Given Utah’s ski industry, the report stated Utah “understands the importance of planning for future climate challenges, committing to sustainable practices, and, ultimately, producing a climate positive Games.”
Salt Lake City can be counted on for reliable competition conditions at least through 2050, according to a scientific review that found that the snowfall in four previous Winter Games hosts, in France, Russia, Germany and Lake Tahoe, is already unreliable.
Athletes, Raney Norman said, want to ensure that winter sports remain viable as temperatures rise. She said they’re concerned they won’t be able continue to doing what “they love because the environment is changing so dramatically.”
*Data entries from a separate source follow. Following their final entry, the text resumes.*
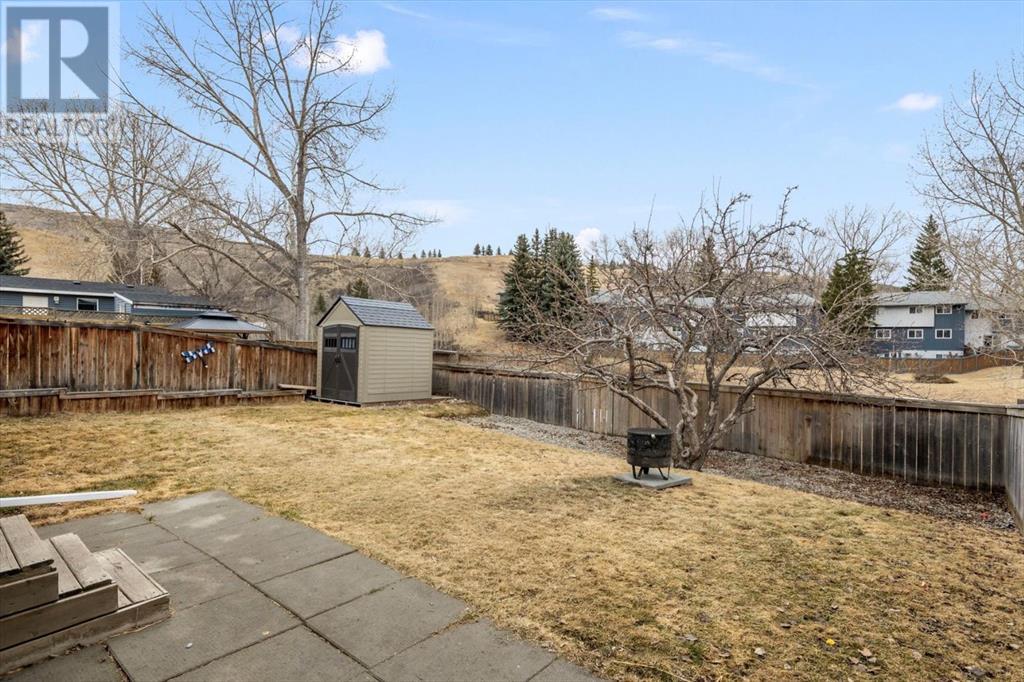 6 Benchlands Drive, Cochrane, Alberta  T4C 1C1 - Photo 41 - A2205213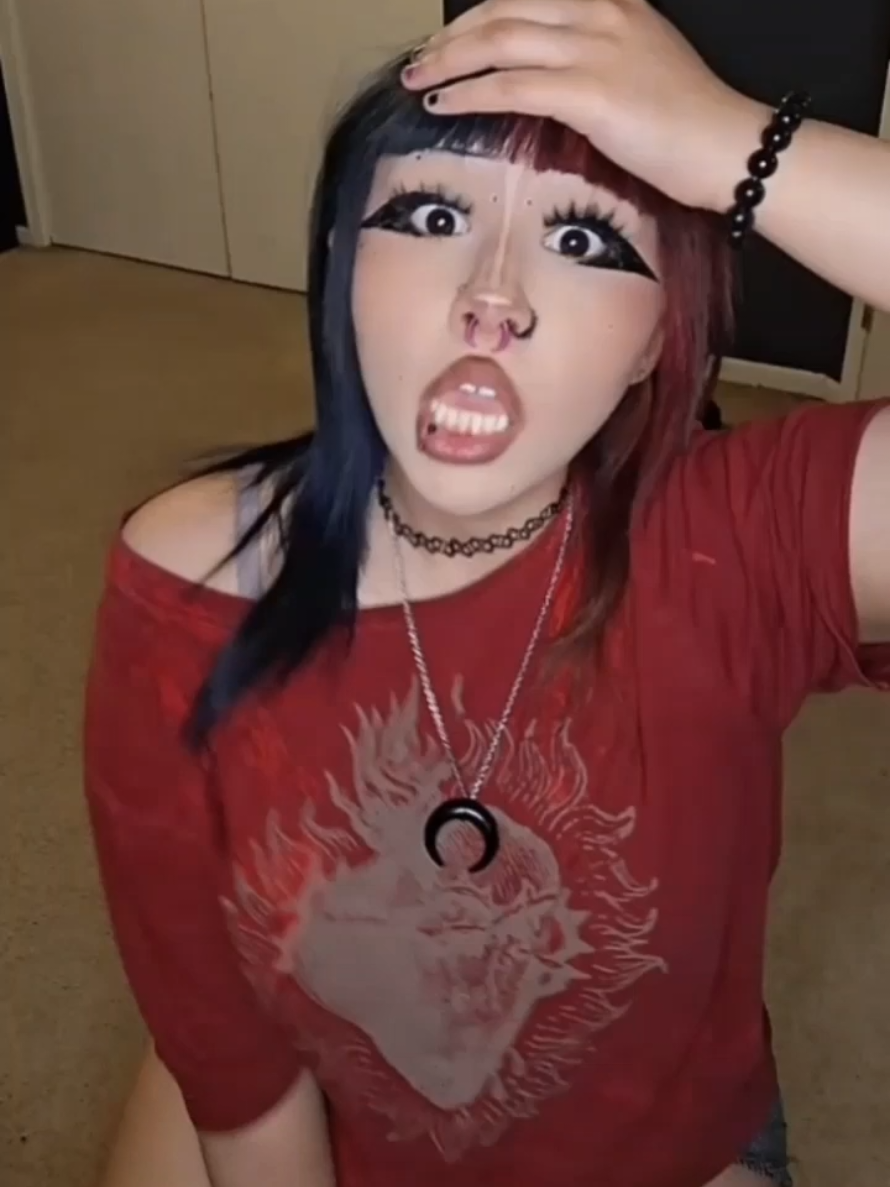 @queefgurls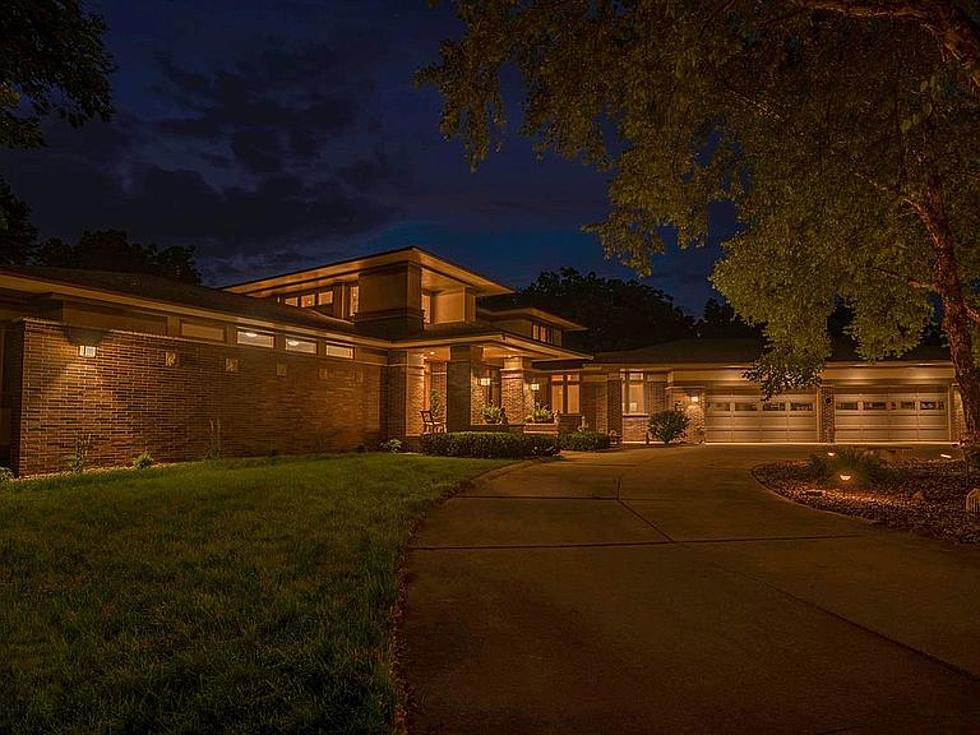 WOW. What You Get in a $1 Mil. Dollar House in Cedar Falls vs. LA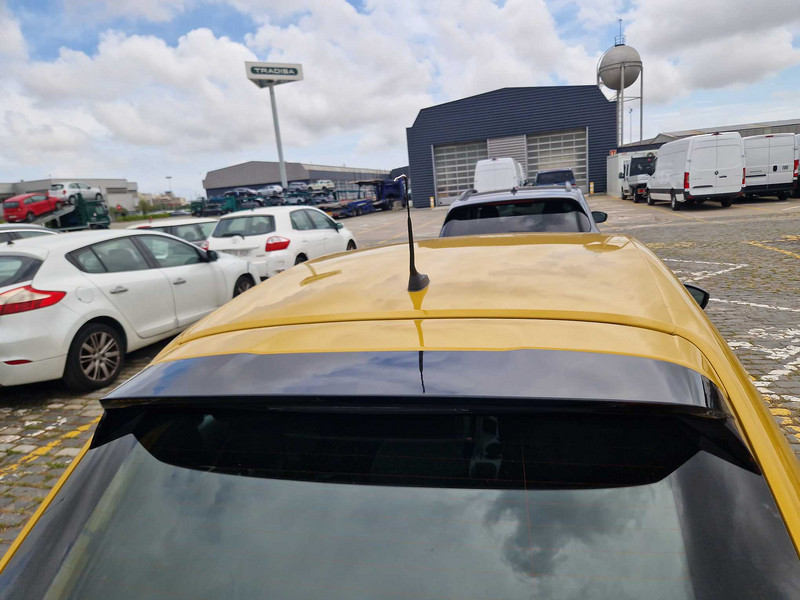 Foto Peugeot 208 20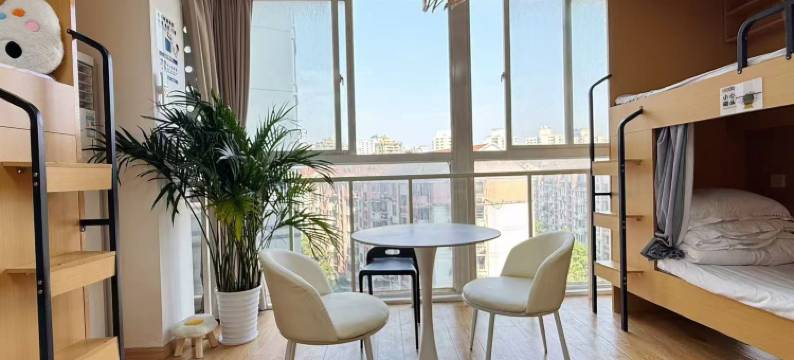 杭州微客青年旅舍(西湖文化广场店)图片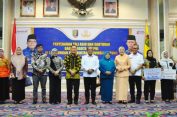 Pj. Gubernur Lampung Serahkan Penghargaan dan Tali Asih untuk Anggota KORPRI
The report said having well-maintained facilities built for Salt Lake City’s last Winter Games in place, like the bobsled, luge and skeleton track near Park City, minimizes the potential negative environmental impacts of another Olympics.
Infrastructure improvements made the past two decades, such as the new Salt Lake City International Airport “mean a future Games will not require any Olympic-specific new construction projects,” the report said, although “minimal expansions” would be needed.
What helps sets Utah apart from other bid cities
The new report cites a Deseret News/Hinckley Institute of Politics poll from February that found 82% of Utahns approve of another Olympics, a higher number than in other bid cities, especially Sapporo and Vancouver, where support lags.
Bullock suggested both Sapporo and Vancouver may have to wait a while to host again. Sapporo was the site of the first Winter Games held outside of Europe and North America, in 1972, and Vancouver hosted in 2010.
He said the “dream scenario” is that Sweden will be chosen for 2030, and Salt Lake City, for 2034 but added bids can always change. Swedish officials have yet to formally get in the race, but a recent poll showed strong public support.
Utah’s positive poll results dating back to the 2002 Winter Games are seen in the report as an example of the state’s residents placing a high value on “civic pride and other intangible benefits” associated with hosting.
“Residents and visitors overwhelmingly had a positive experience at the 2002 Games,” the reports said, adding that hosting again is “expected to bring similar opportunities for increased national and community pride and sense of unity as seen in 2002.”
Other social factors in Utah’s favor are the high rate of volunteerism and charitable giving in the state. Utah is the top state in the nation for volunteering, with Utahns contributing an average of 116 hours annually per person, compared to 90 hours nationwide.
“This level of volunteerism is not new,” the report pointed out, noting at the 2002 Games, nearly 70,000 people applied for some 21,000 volunteer positions and the estimated 4.6 million hours of work contributed saved as much as $92 million in labor costs.
Utah also ranks highest in social capital, the bonds between families, communities, workplaces, religious congregations and other groups, and is known for having a healthy, outdoor-oriented population, according to the report.
Demographic pluses also include the state’s “vibrant and youthful population” that’s the youngest in the nation and among the fastest-growing, the report said, noting Utah is becoming more racially and ethnically diverse.
“Important steps” have been taken in Utah toward equity, diversion and inclusion, the report stated, including recognizing Juneteenth National Freedom Day a state holiday, a way to commemorate the of slavery in the United States.
The success of the 2002 Games made Utahn an attractive place for businesses, particularly those related to sports, according to the report, while “the Olympic facilities and slopes remain world class,” helping to make the state a winter sports capital.